Unfortunately, marine mammals aren't so lucky. These worms can stick around in their bodies and reproduce, says Wood. We know that when worms linger in human stomachs, they can cause issues like cognitive impairment. But we don't know how this might play out in marine mammals, says Wood, though there could be risks to their health that we don't know about yet.
"There's a potential for a huge health burden on whales and dolphins that are infected," Wood explains.
In summary: Humans may breathe a sigh of relief regarding the safety of eating a sushi dinner. But for those marine mammals who live raw fish each and every day, we're not sure of what their increasingly-wormy future might hold.
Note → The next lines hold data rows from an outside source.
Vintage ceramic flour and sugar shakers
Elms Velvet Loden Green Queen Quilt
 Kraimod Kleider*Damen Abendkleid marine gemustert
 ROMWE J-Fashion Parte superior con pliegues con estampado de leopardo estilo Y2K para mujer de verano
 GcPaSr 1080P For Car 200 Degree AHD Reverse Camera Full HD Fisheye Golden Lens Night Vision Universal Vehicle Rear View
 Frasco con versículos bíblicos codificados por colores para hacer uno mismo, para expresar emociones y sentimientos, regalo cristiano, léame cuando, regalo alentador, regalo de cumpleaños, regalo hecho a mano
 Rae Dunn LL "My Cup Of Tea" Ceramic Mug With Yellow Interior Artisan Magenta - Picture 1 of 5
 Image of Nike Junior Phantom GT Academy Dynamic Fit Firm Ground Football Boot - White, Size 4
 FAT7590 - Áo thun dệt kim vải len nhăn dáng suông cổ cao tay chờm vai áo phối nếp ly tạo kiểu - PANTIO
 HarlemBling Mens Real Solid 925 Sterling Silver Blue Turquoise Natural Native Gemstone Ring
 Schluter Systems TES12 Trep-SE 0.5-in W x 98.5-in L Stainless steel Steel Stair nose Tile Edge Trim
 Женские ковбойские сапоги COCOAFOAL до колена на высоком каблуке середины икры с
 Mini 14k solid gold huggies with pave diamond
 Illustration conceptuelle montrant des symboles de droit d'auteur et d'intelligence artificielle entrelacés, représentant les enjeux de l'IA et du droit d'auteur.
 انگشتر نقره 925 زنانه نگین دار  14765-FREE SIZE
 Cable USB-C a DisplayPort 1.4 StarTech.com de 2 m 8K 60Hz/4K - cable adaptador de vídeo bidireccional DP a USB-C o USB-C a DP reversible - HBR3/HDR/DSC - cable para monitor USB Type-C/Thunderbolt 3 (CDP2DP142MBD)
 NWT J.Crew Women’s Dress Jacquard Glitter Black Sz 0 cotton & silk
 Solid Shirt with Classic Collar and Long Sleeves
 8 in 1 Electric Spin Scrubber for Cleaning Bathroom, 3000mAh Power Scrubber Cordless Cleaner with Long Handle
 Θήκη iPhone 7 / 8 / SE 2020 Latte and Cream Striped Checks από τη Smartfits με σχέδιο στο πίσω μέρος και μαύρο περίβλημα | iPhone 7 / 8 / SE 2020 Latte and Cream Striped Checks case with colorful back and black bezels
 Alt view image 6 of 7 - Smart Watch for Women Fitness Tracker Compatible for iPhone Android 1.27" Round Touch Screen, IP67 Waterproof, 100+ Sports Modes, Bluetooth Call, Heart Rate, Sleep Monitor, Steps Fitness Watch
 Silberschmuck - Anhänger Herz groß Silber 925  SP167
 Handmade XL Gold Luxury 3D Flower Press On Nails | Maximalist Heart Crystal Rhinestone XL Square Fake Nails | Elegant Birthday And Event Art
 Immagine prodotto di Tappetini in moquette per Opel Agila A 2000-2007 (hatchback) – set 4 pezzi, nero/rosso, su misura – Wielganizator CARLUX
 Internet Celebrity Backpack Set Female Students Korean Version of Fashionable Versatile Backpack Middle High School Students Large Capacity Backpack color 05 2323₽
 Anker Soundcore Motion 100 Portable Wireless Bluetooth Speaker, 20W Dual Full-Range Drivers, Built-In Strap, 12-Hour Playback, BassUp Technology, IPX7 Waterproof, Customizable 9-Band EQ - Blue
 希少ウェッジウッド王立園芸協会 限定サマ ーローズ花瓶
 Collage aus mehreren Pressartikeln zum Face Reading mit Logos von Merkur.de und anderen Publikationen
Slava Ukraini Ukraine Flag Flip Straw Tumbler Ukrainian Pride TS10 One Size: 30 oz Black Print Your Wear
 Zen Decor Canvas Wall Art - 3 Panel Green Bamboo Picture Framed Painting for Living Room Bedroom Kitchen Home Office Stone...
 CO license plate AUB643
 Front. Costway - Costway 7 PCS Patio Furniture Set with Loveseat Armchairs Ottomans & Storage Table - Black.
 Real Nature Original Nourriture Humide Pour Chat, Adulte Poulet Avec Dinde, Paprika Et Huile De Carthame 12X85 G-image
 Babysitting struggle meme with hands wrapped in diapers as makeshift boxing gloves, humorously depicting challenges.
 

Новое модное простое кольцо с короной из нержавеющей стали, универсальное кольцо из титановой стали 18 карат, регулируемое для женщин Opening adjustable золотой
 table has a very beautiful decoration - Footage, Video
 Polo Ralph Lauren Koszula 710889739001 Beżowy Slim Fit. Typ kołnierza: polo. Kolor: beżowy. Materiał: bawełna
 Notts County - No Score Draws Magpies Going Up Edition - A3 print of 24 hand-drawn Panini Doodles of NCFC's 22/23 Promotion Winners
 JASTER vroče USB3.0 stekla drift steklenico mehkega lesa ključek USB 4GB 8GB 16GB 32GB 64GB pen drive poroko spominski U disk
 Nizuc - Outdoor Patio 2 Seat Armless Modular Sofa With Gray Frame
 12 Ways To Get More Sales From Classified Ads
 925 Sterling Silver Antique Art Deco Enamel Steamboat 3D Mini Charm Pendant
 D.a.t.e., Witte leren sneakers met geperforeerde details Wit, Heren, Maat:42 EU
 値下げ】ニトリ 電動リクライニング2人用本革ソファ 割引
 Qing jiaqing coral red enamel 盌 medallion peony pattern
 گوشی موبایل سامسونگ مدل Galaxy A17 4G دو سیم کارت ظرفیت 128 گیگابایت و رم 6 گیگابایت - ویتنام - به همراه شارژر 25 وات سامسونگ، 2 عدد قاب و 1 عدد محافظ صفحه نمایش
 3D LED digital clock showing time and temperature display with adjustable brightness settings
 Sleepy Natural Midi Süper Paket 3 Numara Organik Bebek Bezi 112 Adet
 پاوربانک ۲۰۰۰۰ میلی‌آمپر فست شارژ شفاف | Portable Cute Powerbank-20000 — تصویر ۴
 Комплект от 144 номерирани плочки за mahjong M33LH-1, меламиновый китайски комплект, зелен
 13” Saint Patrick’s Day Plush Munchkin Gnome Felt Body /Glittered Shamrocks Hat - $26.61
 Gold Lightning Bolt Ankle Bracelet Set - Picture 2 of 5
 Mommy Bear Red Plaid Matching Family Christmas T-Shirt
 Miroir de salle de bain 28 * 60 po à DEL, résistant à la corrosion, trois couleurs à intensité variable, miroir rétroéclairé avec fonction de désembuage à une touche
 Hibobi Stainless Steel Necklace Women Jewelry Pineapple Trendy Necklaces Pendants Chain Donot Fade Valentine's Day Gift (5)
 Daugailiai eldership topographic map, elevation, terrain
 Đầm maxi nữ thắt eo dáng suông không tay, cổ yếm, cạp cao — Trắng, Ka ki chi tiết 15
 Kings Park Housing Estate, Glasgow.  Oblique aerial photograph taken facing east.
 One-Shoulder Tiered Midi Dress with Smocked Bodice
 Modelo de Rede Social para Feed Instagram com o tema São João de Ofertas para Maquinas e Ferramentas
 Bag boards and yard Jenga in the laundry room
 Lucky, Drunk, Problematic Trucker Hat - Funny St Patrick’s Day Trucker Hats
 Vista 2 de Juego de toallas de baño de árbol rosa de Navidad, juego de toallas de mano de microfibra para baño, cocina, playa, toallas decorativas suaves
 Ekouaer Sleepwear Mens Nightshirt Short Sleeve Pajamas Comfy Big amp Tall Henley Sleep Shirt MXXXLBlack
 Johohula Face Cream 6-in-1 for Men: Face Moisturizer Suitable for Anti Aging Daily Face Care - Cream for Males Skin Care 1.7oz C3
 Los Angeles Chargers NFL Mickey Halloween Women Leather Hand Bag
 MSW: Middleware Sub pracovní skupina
Abstract: The Anthropocene has brought substantial change to ocean ecosystems, but whether this age will bring more or less marine disease is unknown. In recent years, the accelerating tempo of epizootic and zoonotic disease events has made it seem as if disease is on the rise. Is this apparent increase in disease due to increased observation and sampling effort, or to an actual rise in the abundance of parasites and pathogens? We examined the literature to track long-term change in the abundance of two parasitic nematode genera with zoonotic potential Anisakis spp. and Pseudoterranova spp. These anisakid nematodes cause the disease anisakidosis and are transmitted to humans in undercooked and raw marine seafood. A total of 123 papers published between 1967 and 2017 met our criteria for inclusion, from which we extracted 755 host–parasite–location–year combinations. Of these, 69.7% concerned Anisakis spp. and 30.3% focused on Pseudoterranova spp. Meta-regression revealed an increase in Anisakis spp. abundance (average number of worms / fish) over a 53-year period from 1962 to 2015 and no significant change in Pseudoterranova spp. abundance over a 37-year period from 1978 to 2015. Standardizing changes to the period of 1978 to 2015, so that results are comparable between genera, we detected a significant 283-fold increase in Anisakis spp. abundance and no change in abundance of Pseudoterranova spp. This increase in Anisakis spp. abundance may have implications for human health, marine mammal health, and fisheries profitability.